All went well except that closing the door for Leo took too much time. He could close his own door.
Now the sound man came over and asked that I not slam the door with so much “vigor” because it was drowning out the dialogue. Armie immediately announced there will be no more vigor on the set. Everyone laughed.
Now we were set to do it for real. They approached; I opened; they ducked in; I followed suit, turned the key, pressed the starter with my foot, and the engine cranked but refused to turn over. Cut! Okay, Clint was having none of this. He ordered a rope tied to the front bumper.
“Action!” Once again I hopped in and closed the door with minimal vigor, pretended to start the car and put it in gear, and eight or nine guys grabbed the rope and pulled the car out of the scene. The sound of the car would be dubbed in later. We did at least two more takes before Clint announced a wrap.
And just like that, my career in movies was done.
But not my day. By chance I spotted Clint coming my way. He was reviewing notes on possible dialogue changes. I waited until he finished and got a friend to snap a couple of photos of us together. Then he got into his Suburban and was off.

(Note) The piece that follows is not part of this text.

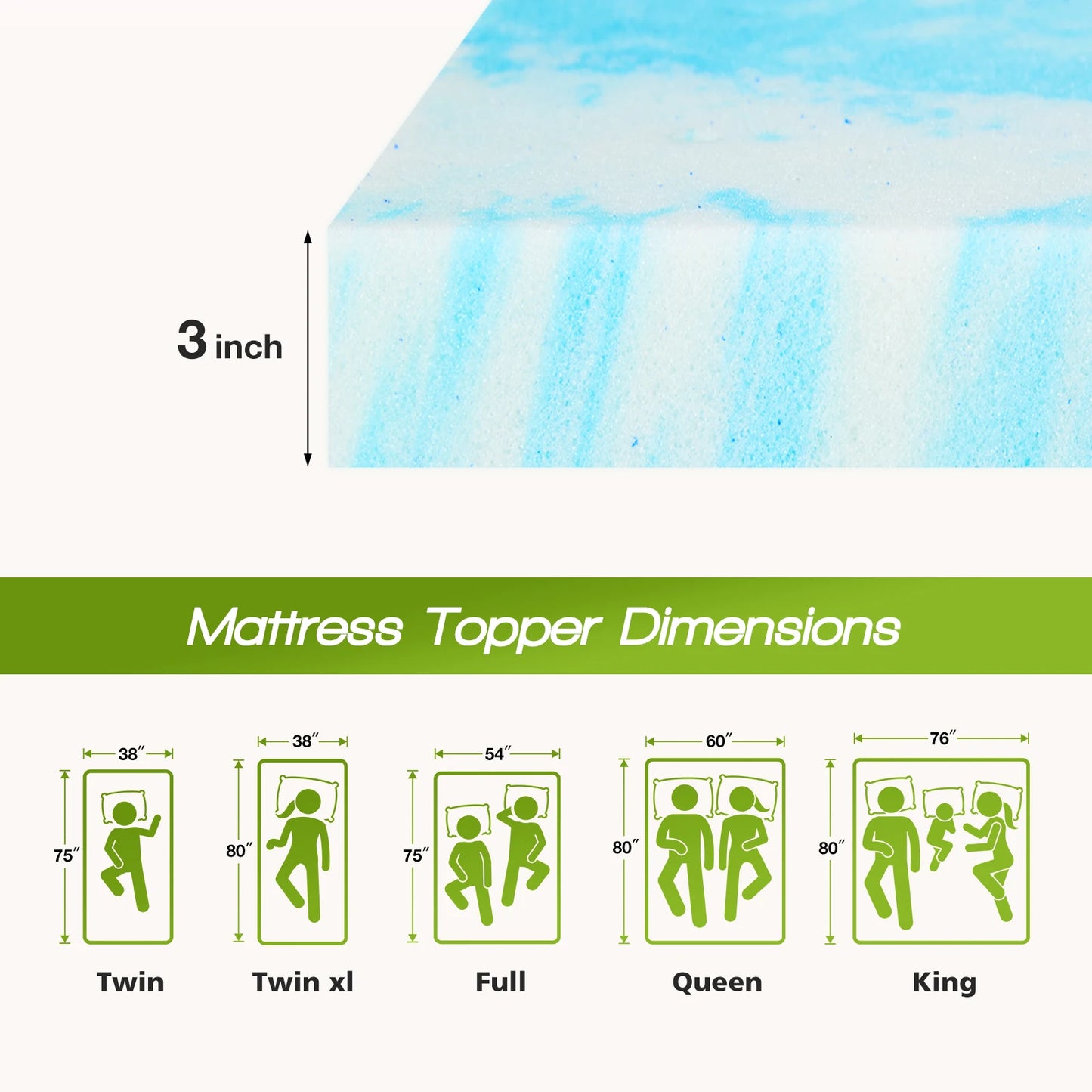 JHK Memory Foam Mattress Topper Gel Cooling Soft And Breathable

I figured I’d just go back to Wardrobe, change and head home. I was halfway through when someone asked me who had “wrapped” me — that is, told me I could go. Well, actually, no one.
So I put my FBI outfit back on and went to find someone. But when the right guy was contacted, he refused to let me go. Maybe it had to do with union rules and minimum hours. I don’t know. It did provide me with another meal with Clint in the mess tent and another hour or two watching Clint direct
DiCaprio in a shot at the garage. Finally I was free to go.
As a friend of mine pointed out, making a movie is like being in the Army. There’s a lot of standing around for a few minutes of action. But you can’t beat the experience.